If access depends on who you know rather than your ability to navigate a broken system, the system is inherently unfair, even when clinical needs are the same.

Healthcare organizations often celebrate stories of outstanding employees solving seemingly impossible problems. The nurse who finds a specialist, the medical director who overturns a denial, the executive who arranges an urgent appointment. These stories are uplifting because they highlight exceptional dedication.

Yet, they should also raise concerns.

Each time extraordinary effort is needed for routine care, it highlights a design flaw rather than excellence. Heroic employees can become a substitute for reliable systems. Over time, organizations may celebrate heroism rather than addressing the underlying issues.

Healthcare leaders might miss this distinction because their leadership roles create distance. Senior executives rarely experience healthcare as ordinary patients do. They know department chairs, have direct access to specialists, assistants to book appointments, and doctors who return their messages. Even when they use their own services, they encounter a different version of the system.

This isn’t due to bad intentions. Many healthcare leaders joined the field to improve lives.

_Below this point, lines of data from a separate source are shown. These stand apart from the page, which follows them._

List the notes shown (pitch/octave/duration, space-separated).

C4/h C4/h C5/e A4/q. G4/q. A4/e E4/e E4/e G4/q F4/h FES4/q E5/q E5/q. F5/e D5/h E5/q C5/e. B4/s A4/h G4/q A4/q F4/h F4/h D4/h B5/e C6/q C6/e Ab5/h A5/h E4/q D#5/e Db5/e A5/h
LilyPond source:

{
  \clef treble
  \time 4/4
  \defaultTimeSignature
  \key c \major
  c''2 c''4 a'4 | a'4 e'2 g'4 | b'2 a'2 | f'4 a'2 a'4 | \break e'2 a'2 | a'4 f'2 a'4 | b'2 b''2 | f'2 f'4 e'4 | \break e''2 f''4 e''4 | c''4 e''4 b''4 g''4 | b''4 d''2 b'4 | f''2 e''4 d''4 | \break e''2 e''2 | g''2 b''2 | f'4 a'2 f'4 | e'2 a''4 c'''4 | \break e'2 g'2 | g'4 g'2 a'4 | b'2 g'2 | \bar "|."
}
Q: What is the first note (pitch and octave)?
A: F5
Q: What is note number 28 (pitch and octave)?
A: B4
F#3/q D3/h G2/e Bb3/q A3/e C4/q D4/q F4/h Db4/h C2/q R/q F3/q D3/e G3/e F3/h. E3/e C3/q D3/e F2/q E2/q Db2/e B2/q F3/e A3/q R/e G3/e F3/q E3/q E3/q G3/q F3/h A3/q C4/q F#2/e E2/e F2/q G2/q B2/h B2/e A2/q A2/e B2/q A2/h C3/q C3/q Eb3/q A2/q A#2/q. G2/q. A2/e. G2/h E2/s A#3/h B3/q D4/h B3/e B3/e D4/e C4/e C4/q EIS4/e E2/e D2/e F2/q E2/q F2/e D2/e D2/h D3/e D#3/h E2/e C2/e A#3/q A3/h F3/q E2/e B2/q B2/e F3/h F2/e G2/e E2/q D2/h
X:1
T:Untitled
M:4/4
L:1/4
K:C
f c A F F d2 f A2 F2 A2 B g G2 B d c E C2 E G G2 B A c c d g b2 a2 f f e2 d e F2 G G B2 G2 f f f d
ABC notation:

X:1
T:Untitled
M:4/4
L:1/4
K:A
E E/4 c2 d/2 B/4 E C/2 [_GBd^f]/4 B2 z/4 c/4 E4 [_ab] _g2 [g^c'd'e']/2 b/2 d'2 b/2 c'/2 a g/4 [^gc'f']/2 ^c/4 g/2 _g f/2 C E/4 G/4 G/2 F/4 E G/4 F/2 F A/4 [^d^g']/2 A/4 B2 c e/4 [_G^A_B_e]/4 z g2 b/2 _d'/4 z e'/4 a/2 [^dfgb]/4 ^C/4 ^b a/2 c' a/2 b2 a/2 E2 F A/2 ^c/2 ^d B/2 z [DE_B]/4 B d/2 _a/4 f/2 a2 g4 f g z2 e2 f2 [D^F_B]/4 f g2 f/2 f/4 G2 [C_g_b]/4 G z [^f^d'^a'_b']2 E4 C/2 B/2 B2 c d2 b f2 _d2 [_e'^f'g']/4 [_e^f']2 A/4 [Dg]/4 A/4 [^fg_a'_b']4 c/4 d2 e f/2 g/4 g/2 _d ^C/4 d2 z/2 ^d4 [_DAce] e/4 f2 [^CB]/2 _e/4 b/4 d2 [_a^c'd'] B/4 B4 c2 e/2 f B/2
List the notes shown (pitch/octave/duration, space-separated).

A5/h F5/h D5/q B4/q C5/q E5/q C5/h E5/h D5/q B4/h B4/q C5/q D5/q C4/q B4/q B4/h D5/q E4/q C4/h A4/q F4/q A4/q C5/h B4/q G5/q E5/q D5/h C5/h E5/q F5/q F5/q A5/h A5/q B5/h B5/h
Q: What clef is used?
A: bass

The issue isn’t a lack of compassion but a growing disconnect from the experiences of those their organizations serve.

Over time, this separation alters perceptions of what is normal.

Waiting months for a specialist becomes a statistic rather than a personal ordeal. Prior authorization becomes an operational metric rather than a source of stress. Call center wait times become data points rather than frustrating moments. The system becomes something managed rather than a personal experience.

This is why I believe a simple question is revealing for any healthcare executive: “If someone I loved needed care today, would I trust the standard process, or would I seek a back door?”

The answer reveals more about our organizations than any quality metric.

This isn’t an argument against helping loved ones. If my mother fell seriously ill, I’d make every necessary call. Most would do the same. Family loyalty isn’t the issue.

The problem is the quiet acceptance of two access systems and mistaking the ability to circumvent dysfunction as proof that the dysfunction is manageable.

It isn’t.

Each executive intervention, physician favor, or expedited appointment through personal connections should be seen as valuable data. Each instance highlights where the formal system failed to meet reasonable patient expectations. Rather than celebrating the rescue, we should examine what process needs change to prevent future rescues.

This, ultimately, distinguishes management from leadership.

Managers address today’s exceptions. Leaders eliminate tomorrow’s exceptions.

The goal shouldn’t be to close the back door to medicine. Compassion, relationships, and professional generosity will always be part of healthcare. The aim is much more ambitious: to create a front door so reliable, humane, and responsive that no one feels the need to seek another way in.

When that day comes, the most powerful person in healthcare won’t be the executive with everyone’s contact details. It will be the patient who trusts the standard path is sufficient.